I have a large ETL task that requires pulling, transforming, and pushing 1200+ batches of data.
I am trying to architect it to use 2 workflows:
First workflow reacts to the trigger event and splits the data into batches, while invoking the second workflow for each batch with offset and limit parameters
The second workflow does the actual pull, transform, push
I have no problems with the second workflow, despite that it's limited with RAM and that's why I need 1200+ batches.
However, I have a huge problem with the first workflow.
I cannot schedule all 1200 batches at once (due to 50 concurrent runs limit).
When scheduling batches (invocations of the second workflow) one by one with a delay of 1 second (the cherry-picked optimal config), I don't have enough time to schedule all 1200 batches - the first workflow simply times out with "The workflow run exceeded the timeout of 900000 ms"
What the hell, Retool devs? It's simply impossible to run a heavy workflow! It forces me to manually duplicate "scheduling" blocks so that I can have all my sub-workflow scheduled. ...
I know you use AWS lambdas that have 15 minutes dead run, but at least you could make "loops" run each iteration in a new lambda invocation.
you could make "loops" run each iteration in a new lambda invocation.
We're actually working on rolling this functionality out in the next couple of weeks. If you're open to beta testing it, send me an email (dmitriy at retool) and I'll connect you with the engineer that's working on it!

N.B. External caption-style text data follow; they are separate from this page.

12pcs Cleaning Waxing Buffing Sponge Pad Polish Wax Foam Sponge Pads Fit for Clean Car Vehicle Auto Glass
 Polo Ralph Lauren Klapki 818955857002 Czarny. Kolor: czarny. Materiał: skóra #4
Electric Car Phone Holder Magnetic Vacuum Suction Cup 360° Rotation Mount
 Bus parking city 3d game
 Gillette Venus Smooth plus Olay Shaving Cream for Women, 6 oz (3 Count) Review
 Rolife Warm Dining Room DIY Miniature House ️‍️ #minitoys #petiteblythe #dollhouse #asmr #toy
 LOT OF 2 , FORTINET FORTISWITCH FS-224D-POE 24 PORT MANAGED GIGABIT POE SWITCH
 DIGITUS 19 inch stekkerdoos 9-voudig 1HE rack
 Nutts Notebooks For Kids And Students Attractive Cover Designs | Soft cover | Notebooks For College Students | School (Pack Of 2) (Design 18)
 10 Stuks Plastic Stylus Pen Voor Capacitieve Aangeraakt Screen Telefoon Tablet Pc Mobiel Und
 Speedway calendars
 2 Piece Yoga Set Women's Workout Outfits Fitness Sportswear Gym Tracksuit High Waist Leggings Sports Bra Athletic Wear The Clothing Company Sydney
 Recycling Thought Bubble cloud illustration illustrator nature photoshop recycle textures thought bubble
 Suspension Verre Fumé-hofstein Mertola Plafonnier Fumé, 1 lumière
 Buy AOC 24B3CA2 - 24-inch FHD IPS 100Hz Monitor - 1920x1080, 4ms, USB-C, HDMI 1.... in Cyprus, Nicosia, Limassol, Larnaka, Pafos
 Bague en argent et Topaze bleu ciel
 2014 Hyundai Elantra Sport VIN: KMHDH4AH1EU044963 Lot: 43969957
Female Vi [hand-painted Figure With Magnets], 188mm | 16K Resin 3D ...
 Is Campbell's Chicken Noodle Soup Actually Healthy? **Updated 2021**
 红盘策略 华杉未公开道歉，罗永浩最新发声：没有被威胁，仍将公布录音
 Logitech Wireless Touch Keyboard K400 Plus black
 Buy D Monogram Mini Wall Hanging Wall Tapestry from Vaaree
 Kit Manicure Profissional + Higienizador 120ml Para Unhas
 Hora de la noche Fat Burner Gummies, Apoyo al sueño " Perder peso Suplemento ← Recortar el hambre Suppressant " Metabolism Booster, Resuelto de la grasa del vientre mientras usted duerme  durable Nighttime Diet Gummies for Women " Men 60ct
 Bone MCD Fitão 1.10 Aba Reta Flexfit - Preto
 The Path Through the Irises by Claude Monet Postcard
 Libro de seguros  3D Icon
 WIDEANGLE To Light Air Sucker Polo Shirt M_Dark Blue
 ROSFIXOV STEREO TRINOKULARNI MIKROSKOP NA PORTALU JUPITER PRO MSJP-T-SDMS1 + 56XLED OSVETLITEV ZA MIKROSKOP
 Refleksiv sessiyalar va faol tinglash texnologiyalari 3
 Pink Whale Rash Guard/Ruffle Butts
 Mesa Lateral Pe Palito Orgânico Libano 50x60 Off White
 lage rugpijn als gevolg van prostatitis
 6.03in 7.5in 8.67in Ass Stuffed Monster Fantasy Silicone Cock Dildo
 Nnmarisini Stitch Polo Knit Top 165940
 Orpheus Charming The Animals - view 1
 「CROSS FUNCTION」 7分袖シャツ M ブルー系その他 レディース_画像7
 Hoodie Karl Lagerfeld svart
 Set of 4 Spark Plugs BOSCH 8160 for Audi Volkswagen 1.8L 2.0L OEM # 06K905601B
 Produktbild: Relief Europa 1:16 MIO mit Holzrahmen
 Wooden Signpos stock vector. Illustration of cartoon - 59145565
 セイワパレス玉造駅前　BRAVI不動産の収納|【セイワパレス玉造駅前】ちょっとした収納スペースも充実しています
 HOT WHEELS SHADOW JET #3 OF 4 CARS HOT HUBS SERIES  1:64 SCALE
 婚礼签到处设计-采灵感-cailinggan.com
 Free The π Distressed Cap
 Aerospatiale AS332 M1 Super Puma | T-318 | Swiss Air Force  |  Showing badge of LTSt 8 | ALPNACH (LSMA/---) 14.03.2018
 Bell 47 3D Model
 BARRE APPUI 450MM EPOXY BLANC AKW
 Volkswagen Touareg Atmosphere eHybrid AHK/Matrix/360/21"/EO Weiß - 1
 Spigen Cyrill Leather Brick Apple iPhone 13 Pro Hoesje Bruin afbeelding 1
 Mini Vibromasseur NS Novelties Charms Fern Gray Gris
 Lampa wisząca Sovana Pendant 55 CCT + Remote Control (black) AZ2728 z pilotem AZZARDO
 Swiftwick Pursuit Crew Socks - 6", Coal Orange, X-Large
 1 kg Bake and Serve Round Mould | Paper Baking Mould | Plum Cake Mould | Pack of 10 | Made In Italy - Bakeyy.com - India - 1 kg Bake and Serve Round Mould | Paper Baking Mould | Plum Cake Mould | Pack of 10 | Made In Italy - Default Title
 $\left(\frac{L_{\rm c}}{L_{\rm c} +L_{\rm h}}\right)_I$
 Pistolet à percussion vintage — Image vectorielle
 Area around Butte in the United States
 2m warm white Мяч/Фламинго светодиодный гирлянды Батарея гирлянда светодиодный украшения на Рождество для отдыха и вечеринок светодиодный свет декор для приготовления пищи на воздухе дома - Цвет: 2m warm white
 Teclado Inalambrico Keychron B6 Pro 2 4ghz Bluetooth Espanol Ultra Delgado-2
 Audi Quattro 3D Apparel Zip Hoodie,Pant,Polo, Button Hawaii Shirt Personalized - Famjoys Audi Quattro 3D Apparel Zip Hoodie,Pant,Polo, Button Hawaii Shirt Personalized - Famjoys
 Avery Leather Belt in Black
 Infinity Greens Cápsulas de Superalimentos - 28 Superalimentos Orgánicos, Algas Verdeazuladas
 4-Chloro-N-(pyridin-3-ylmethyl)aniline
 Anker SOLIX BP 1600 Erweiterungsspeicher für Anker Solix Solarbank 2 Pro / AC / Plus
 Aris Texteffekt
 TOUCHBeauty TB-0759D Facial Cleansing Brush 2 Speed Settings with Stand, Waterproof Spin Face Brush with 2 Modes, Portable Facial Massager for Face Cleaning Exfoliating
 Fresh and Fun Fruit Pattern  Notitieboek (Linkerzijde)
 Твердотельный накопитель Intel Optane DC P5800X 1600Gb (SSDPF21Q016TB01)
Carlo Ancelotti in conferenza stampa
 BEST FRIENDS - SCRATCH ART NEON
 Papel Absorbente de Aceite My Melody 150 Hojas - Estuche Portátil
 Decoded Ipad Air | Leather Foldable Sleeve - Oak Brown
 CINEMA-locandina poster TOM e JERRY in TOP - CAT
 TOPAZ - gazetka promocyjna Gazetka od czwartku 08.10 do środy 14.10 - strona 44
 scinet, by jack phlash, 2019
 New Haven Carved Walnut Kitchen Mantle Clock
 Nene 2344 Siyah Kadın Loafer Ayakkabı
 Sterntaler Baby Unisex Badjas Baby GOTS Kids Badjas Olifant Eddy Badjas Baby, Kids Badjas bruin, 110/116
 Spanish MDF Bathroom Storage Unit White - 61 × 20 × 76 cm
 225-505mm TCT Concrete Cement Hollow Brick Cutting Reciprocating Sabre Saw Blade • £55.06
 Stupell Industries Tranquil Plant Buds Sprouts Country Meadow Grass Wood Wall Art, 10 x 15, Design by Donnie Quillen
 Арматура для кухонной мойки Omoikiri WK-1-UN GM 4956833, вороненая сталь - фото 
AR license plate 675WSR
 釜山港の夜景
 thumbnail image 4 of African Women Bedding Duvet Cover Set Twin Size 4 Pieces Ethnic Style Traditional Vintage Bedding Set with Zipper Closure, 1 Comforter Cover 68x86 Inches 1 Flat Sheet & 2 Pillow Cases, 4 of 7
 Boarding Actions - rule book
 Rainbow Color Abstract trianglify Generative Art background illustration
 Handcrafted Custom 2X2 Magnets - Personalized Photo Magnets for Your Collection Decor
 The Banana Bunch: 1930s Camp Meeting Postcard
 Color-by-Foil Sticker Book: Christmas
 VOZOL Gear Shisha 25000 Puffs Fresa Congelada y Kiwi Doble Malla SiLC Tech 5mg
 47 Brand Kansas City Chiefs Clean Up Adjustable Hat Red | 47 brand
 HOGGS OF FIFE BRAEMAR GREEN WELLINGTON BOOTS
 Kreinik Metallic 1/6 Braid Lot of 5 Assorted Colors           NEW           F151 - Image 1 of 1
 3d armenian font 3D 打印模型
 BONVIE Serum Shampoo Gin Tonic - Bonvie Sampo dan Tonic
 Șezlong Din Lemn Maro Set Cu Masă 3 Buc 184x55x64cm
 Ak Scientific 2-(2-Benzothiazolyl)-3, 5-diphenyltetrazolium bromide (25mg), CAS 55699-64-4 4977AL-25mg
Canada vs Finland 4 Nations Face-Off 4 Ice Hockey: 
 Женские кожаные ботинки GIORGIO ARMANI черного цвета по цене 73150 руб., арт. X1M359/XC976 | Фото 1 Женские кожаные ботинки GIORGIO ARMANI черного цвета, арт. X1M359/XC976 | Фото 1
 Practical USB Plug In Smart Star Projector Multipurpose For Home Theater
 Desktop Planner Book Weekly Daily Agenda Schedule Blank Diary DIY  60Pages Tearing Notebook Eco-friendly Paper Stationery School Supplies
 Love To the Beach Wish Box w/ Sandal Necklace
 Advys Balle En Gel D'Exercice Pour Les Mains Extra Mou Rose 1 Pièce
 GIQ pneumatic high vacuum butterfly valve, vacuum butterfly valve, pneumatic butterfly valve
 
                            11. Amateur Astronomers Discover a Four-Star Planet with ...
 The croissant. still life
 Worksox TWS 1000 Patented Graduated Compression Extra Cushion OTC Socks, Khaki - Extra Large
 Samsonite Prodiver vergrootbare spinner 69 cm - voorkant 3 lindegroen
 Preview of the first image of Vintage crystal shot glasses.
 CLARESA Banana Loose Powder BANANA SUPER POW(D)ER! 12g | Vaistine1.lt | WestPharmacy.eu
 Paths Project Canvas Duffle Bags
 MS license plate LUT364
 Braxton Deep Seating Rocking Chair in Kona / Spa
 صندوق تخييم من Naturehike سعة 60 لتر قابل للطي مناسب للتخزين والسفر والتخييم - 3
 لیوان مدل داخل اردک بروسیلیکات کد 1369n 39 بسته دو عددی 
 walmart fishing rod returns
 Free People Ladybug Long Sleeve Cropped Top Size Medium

Query blocks have a maximum timeout of ten minutes on Cloud, and self-hosted accounts can increase the timeout up to 40 min. The entire workflow does still have a limit of just over 1 day (30 hours)
Does the new feature Dmitriy mentioned sound like it might work for you @mawdo81?
Thanks @Tess so I'm not sure where on the same page here:
My query blocks run easily within 10 min that isn't the issue
My iteration block is the one that is timing out at 15 minutes overall
this is despite each iteration being well within 10 mins (usually counted in seconds or 1 or 2 mins)
So my issue isn't that each iteration is exceeding 15 minutes but that all the iterations together do.
I appreciate the opportunity to join the beta but tbh this wasn't an ongoing issue for me. It was an initial set up thing so I just added logging & re ran from a new start point a number of times until the work was done. Thankfully the called iteration doesn't time out at 15min, that continues until it's finished (presumably with a 10 or 15 min timeout).
Maybe, if this is the actual behaviour as it stands, the documentation should be updated to say "Each Workflow step times out after 15 min, with the exception of query blocks that have a max timeout of 10 min"?
Thanks for all the clarification! I did some research on this internally. There's a 15 minute limit in the code executor. It sounds like we're planning to make this limit configurable (so you could increase it) on self-hosted instances. We have plans to update the docs soon with more clear timeout info as well!